But I doubt this would satisfy the hopes that there seem to be for Performance Philosophy. Once a Socratic dialogue, or a Tom Stoppard play, establishes knowledge, though the association between that knowledge and the performative site of its definitive articulation might persist, there is no reason to think that there could not be an equally compelling account of that knowledge given elsewhere in another form—in a lecture or an essay, perhaps, or even, conceivably, in a dance performance or installation work. I suspect that for something like propositional knowledge to be acceptable as the principal focus of Performance Philosophy research its more ardent adherents would ideally want to be able to say of it that there are certain truths to which access can be had only through performance. The temptation is to see this as an inclination towards a kind of medium specificity, but it makes little sense to think of performance as a medium. Perhaps a practice specificity? Or maybe Performance Philosophy could be concerned with instances of performance-specific knowledge? It is not at all clear what such knowledge would look like, though, and it seems unlikely that common notions of propositional knowledge would help define it any more clearly. We would end up with a formulation of a proposition that remains explicitly and irredeemably tied to, and conditional upon, the site of its articulation or disclosure: ‘In the context of z I know that x is y,’ though even that kind of articulation, which assumes that the experience of knowledge can be translated in this way, might be seen as betraying the wish for performance- or practice-specific knowledge. Then there is the additional consideration that propositional knowledge makes sense in the context of a tradition that believes in and values clarity, objectivity, truth, the accurate representation of reality, and so on. If one had to generalize, one would say that art, particularly modern art, actively tends to challenge these sorts of biases and assumptions.

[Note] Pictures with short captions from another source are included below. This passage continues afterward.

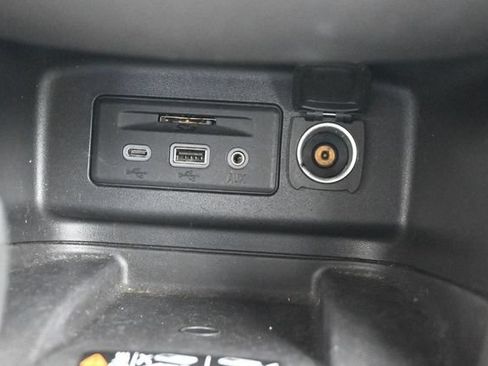 Used 2022 Chevrolet Equinox Premier FWD image 26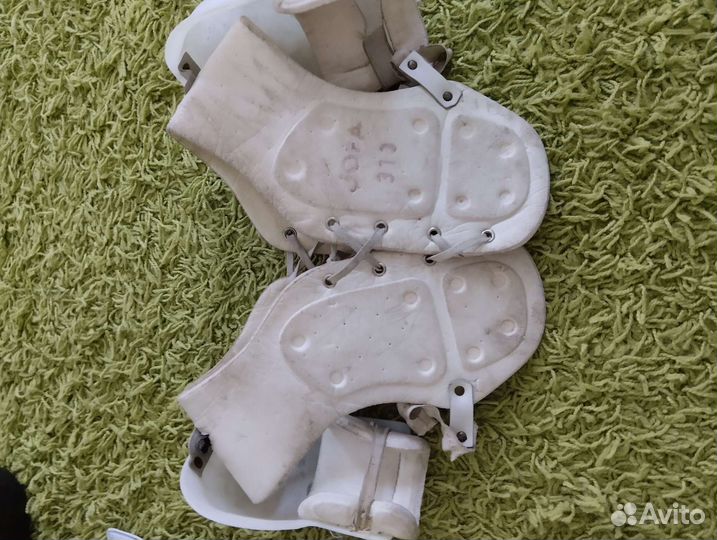 Амуниция для хоккея нагрудники, майки, шлем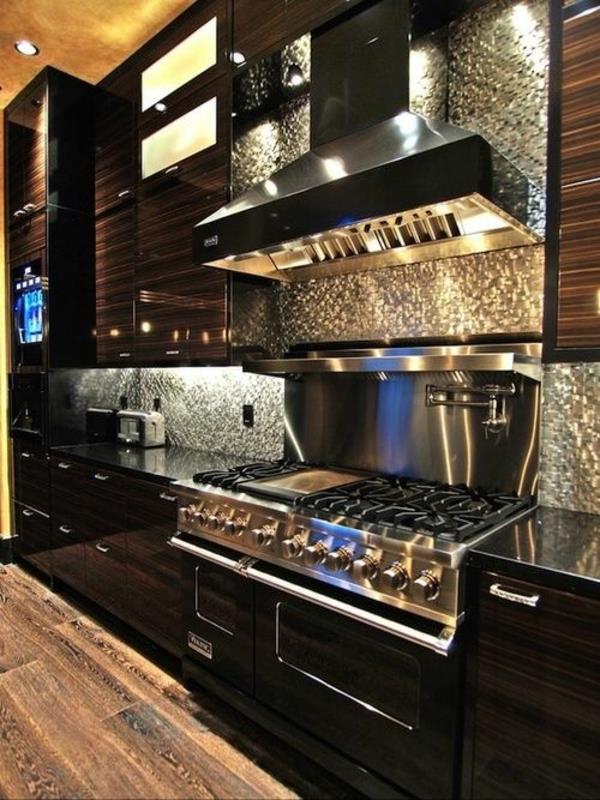 μοντέρνες ιδέες σχεδιασμού κουζίνας σκούρο χρώμα σχεδιασμός πίσω τοίχου κουζίνας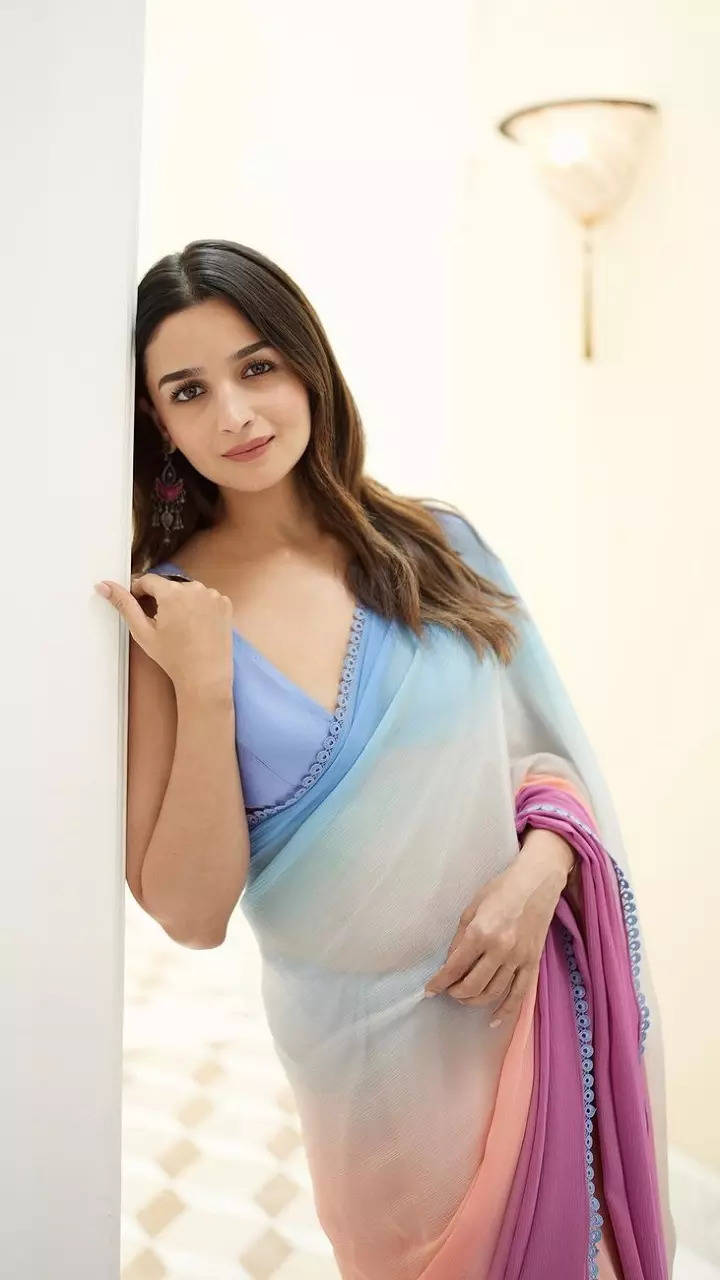 Durga Puja 2023: Alia Bhatt-approved saree looks to channel your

So much for propositional knowledge, then. What about other forms of knowledge? What about knowledge as know-how or skill? Knowledge understood, that is, as technê rather than epistêmê. This would be articulated by ‘the use of “know” plus “how” plus an infinitive’ (Guess 2005, 185). For instance, I know how to play guitar, I know how to cook an omelette. Does performance, or theatre, give rise to that kind of knowledge in any particular way? It seems unpromising. Elaborating on this kind of knowledge, Geuss writes:

We speak of a person having a skill only if he or she is able to be reliably successful in bringing about a certain result. The person who has the skill must be able to bring about something others can recognise as a successful outcome according to relatively clear socially recognised criteria. (191)

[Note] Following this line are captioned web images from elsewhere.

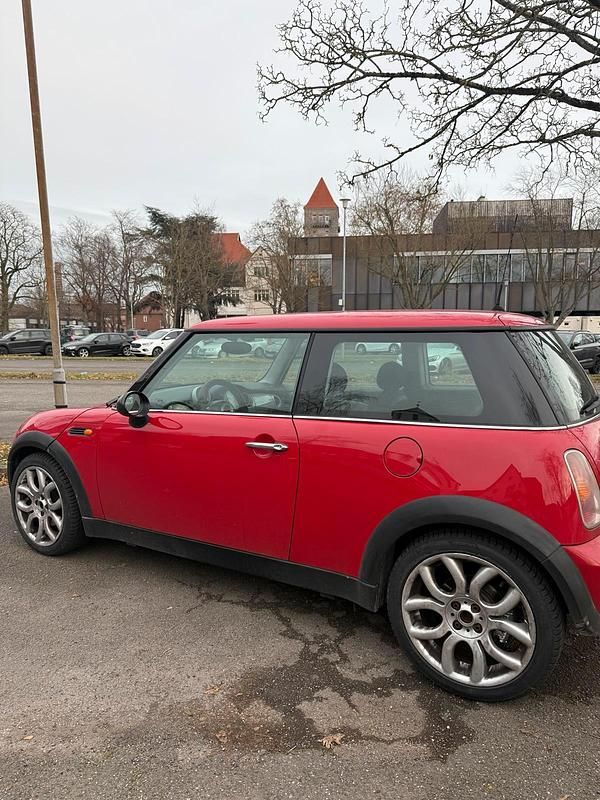 Gebraucht Mini ONE 90 PS (66 kW) 2003 Rot Kleinwagen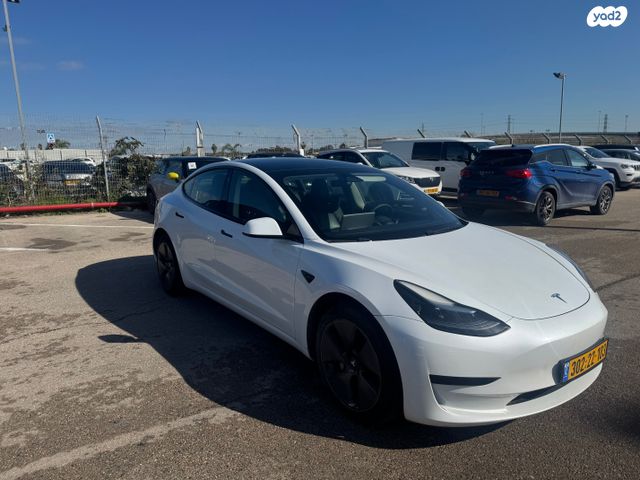 מודעת רכב טסלה מודל 3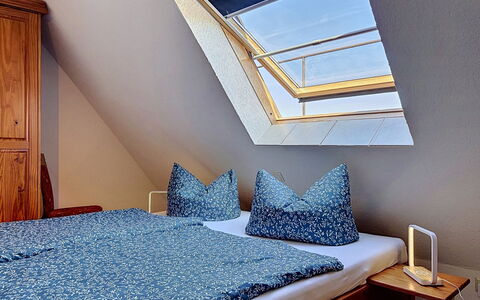 Fip-Ferienpark (Insel Poel): Bedroom, Bedding, Bed, Linens, Bed Sheet, Pillow, Bed Frame, Throw Pillow, Hardwood, Daylighting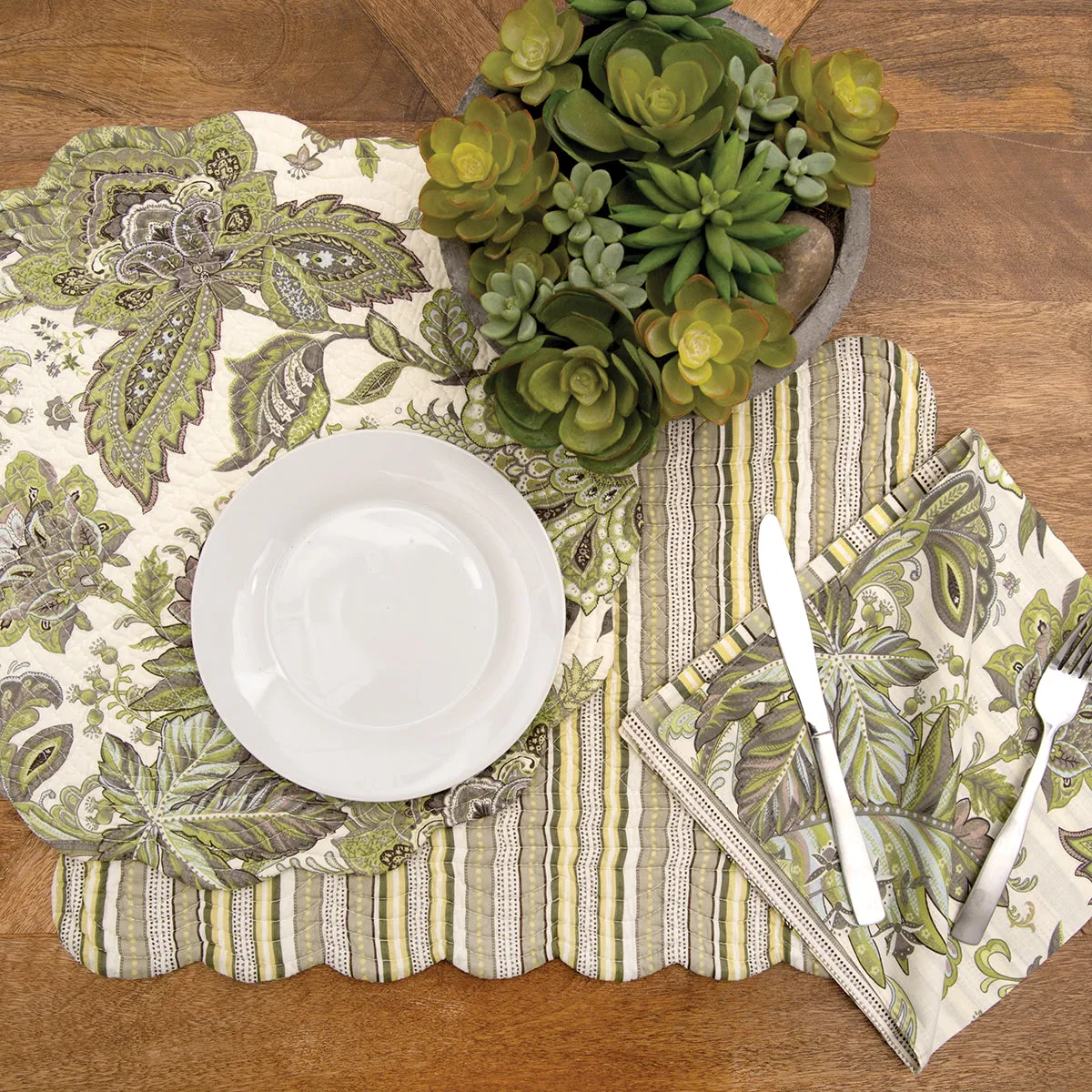 Esmeralda Table Linens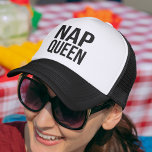 Nap Queen Truckerkeps<br><div class="desc">Hej,  lat flicka. Visa av kärlek för mitt-dags snooze med den här skarpa designen. Den svarta och vita truckerkepsen har en uppspelning på "Trap Queen" med "Nap Queen" i ren svart text.</div>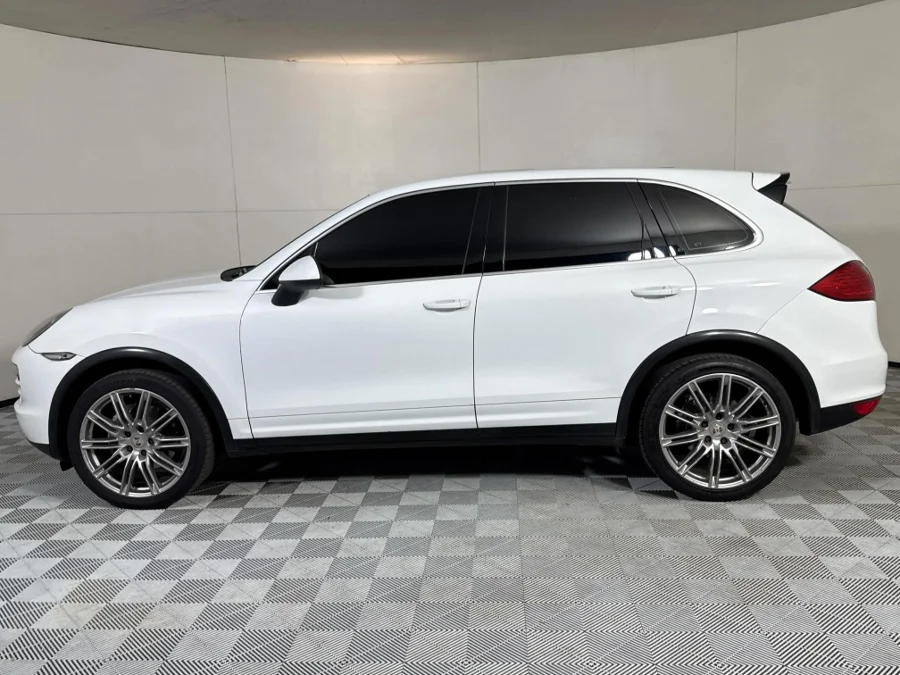 Used 2012 Porsche Cayenne - WeBuyCars Midstream Used 2012 Porsche Cayenne - WeBuyCars Midstream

We might make the argument that classical tragedians knew how to produce catharsis and that is not uninteresting, but it seems quite exceptional, and in terms of the acquisition of knowledge it neglects the spectator: it seems too much of a stretch to say that by watching tragedy one acquires the know-how, the craft, of the tragedian. Moreover, in the modern era theatre and performance have tended to be committed to originality and innovation. Art, since the end of the eighteenth century, if one can generalize, tends not to aspire ‘to be a success by preexisting criteria, but to create new criteria by which works are to be judged’ (192). It is therefore hard to see how the reliable transmission of know-how or skill, which depend upon expected patterns and repeatability could be construed as a significant feature of performance.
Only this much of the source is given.